Monday, August 13, 2018

Keeping characters straight

Did you know that Dickens is estimated to have invented thirteen thousand characters? Thirteen thousand! The population of a small town!
Nick Hornby, The Polysyllabic Spree

The Wikipedia entry on Our Mutual Friend lists 19 major characters and 17 minor characters. That's a lot of characters to keep straight, for Charles Dickens himself as well as for his readers. Good writers have ways of keeping characters distinct from one another. Names alone are not enough, for we readers easily forget or confuse names. Something else is needed, a personality quirk for example,  to make one character stand apart from another.

Dickens, with so many individuals in his small town of characters, is a master. Sometimes, as in Little Dorrit, he gives minor characters distinctive speech patterns. In novels as in real life, it is often easier to recognize people by their voices. (Last week I saw an old friend but didn't recognize him until I heard him speak.)

Jenny Wren in a illustration from Our Mutual Friend
Odd names, easy to remember and hard to confuse with other names, is another trick Dickens used. In Our Mutual Friend we find characters named Bradley Headstone, Georgiana Podsnap, Pleasant Riderhood, Melvin Twemlow and Sloppy.

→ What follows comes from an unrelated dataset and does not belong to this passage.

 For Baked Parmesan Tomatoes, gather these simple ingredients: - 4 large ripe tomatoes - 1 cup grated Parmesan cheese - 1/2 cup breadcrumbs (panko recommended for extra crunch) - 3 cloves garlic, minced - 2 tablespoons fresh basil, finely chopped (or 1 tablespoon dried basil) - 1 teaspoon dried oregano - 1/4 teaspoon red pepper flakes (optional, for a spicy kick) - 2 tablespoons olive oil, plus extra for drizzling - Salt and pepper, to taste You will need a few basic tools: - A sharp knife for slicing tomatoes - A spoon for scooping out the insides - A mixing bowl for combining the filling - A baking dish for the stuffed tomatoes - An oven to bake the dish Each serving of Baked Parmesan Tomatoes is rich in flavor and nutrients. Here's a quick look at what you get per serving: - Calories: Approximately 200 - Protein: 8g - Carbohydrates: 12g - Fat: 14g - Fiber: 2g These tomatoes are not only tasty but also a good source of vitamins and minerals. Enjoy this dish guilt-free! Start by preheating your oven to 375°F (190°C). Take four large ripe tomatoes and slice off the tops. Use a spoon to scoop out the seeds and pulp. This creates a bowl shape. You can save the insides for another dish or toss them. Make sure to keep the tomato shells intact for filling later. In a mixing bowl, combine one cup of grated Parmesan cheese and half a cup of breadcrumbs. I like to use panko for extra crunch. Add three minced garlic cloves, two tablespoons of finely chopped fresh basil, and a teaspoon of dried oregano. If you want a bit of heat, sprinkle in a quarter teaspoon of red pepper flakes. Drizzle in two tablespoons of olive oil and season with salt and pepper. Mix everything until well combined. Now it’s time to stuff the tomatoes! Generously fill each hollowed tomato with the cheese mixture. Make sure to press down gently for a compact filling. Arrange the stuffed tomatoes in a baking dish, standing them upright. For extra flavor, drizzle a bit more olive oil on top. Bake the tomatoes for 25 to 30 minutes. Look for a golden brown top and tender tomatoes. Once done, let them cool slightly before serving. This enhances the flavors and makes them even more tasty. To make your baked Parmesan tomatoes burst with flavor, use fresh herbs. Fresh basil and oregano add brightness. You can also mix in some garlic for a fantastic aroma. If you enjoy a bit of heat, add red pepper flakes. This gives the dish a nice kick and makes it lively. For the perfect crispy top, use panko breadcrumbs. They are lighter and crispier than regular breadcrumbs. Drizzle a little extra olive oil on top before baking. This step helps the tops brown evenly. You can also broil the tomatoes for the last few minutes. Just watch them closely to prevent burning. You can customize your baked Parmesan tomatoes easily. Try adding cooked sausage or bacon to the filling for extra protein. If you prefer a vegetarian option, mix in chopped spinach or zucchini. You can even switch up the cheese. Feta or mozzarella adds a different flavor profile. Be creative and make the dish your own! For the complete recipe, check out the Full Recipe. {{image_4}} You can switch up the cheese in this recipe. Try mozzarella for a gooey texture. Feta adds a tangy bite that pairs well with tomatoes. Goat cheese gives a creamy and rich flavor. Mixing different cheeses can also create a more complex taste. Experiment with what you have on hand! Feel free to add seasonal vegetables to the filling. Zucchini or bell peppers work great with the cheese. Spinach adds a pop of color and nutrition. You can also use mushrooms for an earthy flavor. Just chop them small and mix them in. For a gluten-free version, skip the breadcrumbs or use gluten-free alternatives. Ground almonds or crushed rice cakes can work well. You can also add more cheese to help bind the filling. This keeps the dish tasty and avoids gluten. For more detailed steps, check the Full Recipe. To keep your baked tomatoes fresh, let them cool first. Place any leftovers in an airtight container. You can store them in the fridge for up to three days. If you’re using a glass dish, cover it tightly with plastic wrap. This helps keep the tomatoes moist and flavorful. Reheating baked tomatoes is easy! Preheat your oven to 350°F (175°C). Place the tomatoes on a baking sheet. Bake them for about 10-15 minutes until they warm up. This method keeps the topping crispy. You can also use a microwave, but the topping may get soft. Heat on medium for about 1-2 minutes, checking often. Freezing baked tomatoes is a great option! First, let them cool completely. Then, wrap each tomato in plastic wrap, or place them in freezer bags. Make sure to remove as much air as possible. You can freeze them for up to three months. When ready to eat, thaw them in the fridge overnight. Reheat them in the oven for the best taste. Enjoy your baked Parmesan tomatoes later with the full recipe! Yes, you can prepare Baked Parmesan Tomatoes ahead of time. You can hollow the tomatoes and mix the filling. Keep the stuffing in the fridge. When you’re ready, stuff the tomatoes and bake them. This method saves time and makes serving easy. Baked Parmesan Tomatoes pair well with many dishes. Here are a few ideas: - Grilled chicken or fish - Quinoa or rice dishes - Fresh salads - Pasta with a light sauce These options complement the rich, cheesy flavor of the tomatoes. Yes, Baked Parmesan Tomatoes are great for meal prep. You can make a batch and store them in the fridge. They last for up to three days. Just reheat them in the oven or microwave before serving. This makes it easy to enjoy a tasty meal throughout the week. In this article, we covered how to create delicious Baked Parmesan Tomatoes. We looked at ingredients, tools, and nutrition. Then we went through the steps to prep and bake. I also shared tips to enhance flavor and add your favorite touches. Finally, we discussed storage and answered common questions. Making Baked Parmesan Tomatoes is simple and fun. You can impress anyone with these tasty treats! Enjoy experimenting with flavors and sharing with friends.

Mostly, however, Dickens relies on nicknames to keep his characters distinct in this novel. Not every character has a nickname, given either by the narrator or by other characters, but many of them do. Even the novel's title is a nickname. John Rokesmith, the main character, is referred to as Our Mutual Friend several times early in the book. Nicodemus Boffin, the man who bestows that nickname on him, is called Noddy by his wife, but more commonly he is referred to as the Golden Dustman because after a career shoveling dust he inherits a fortune.

Bella Wilfer, the main female character, is sometimes called the "boofer lady." That is how a boy says the words "beautiful lady." A girl who makes dresses for dolls is called Jenny Wren so often we forget that is not her real name. Mr. Fledgeby, painfully shy around women but ruthless in business, is called Fascination Fledgeby. Roger Riderhood is often called Rogue Riderhood, a name that suits him. But because he so often refers to himself as an honest man, the author prefers calling him the Honest Man.

We are never told the name of Jenny Wren's father. He is simply referred to as Mr. Dolls. When John Rokesmith, itself a false name, becomes John Harmon again and marries Bella, they have a baby always referred to as The Inexhaustible.

With so many characters in a novel with so many pages, I had surprisingly little difficulty telling everyone apart. The two characters I did confuse were two young attorneys, both without clients. One is Mortimer Lightwood and the other is Eugene Wrayburn. Neither has a nickname.